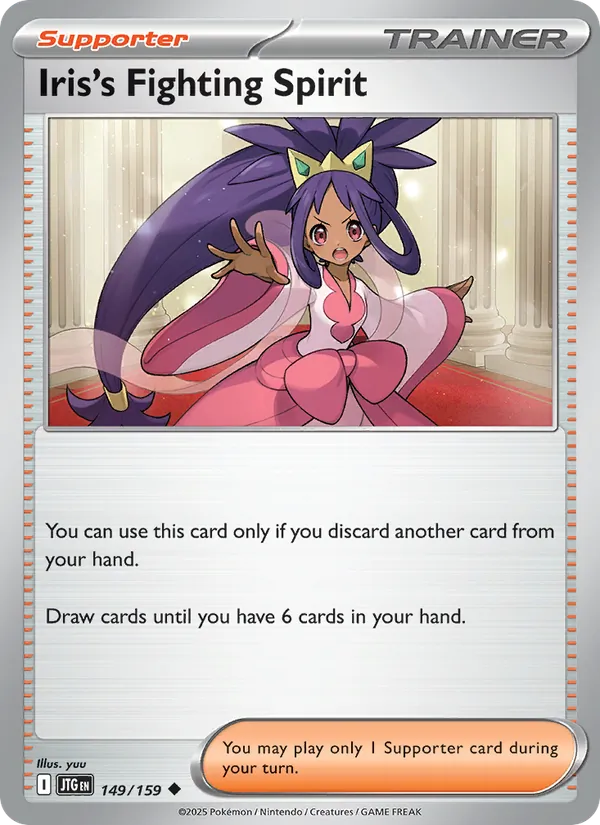 Iris's Fighting Spirit — Journey Together #149 (Pokémon TCG card)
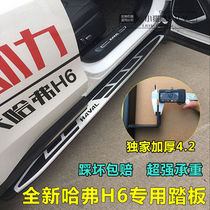 Suitable for 19 new Harvard H6 champion edition modified Harvard h6 sports coupe cool side foot pedal
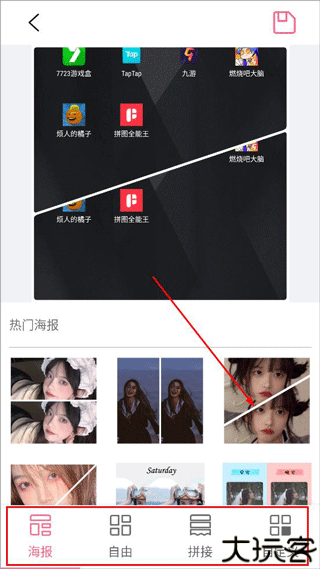 拼图全能王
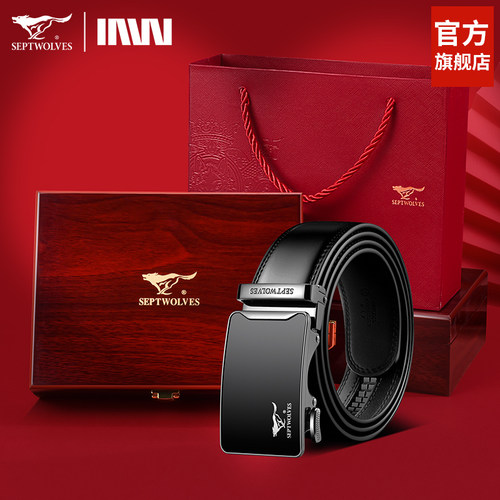 高档男士皮带礼盒送礼体面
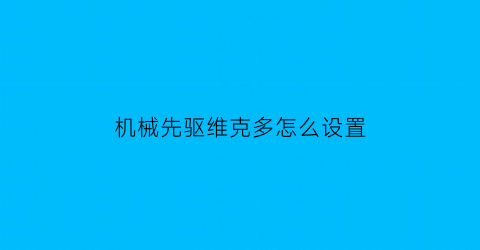 机械先驱维克多怎么设置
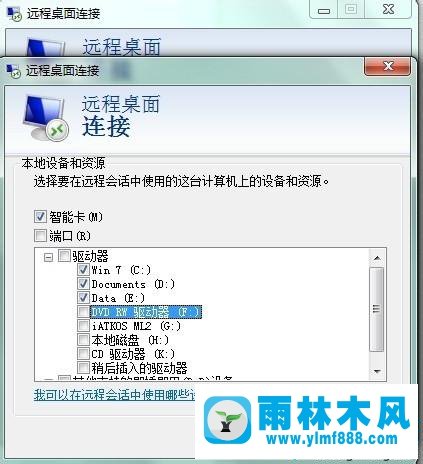 win7系統(tǒng)使用遠程桌面連接后共享本地硬盤的操作方法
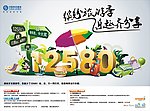 12580缤纷旅游季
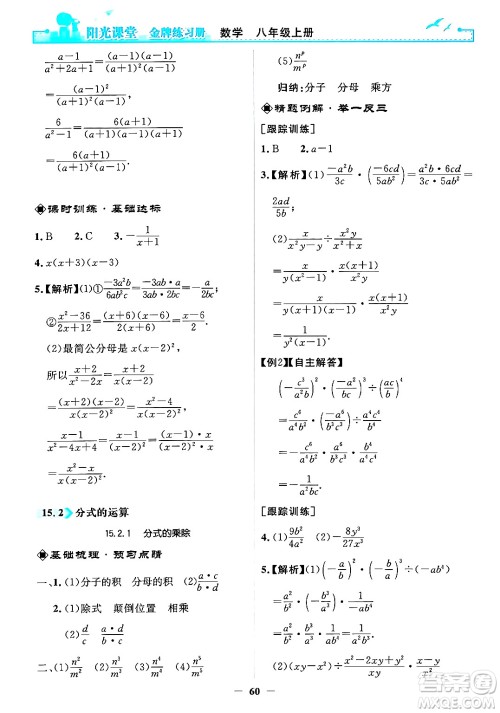 人民教育出版社2024年秋阳光课堂金牌练习册八年级数学上册人教版答案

Your instructions - Since the pictures are not part of the copy, transcribe only the remaining material, exactly.

Your solution -
 Iris's Fighting Spirit — Journey Together #149 (Pokémon TCG card)
 Suitable for 19 new Harvard H6 champion edition modified Harvard h6 sports coupe cool side foot pedal
 拼图全能王
 高档男士皮带礼盒送礼体面
 机械先驱维克多怎么设置
 win7系統(tǒng)使用遠程桌面連接后共享本地硬盤的操作方法
 12580缤纷旅游季
 人民教育出版社2024年秋阳光课堂金牌练习册八年级数学上册人教版答案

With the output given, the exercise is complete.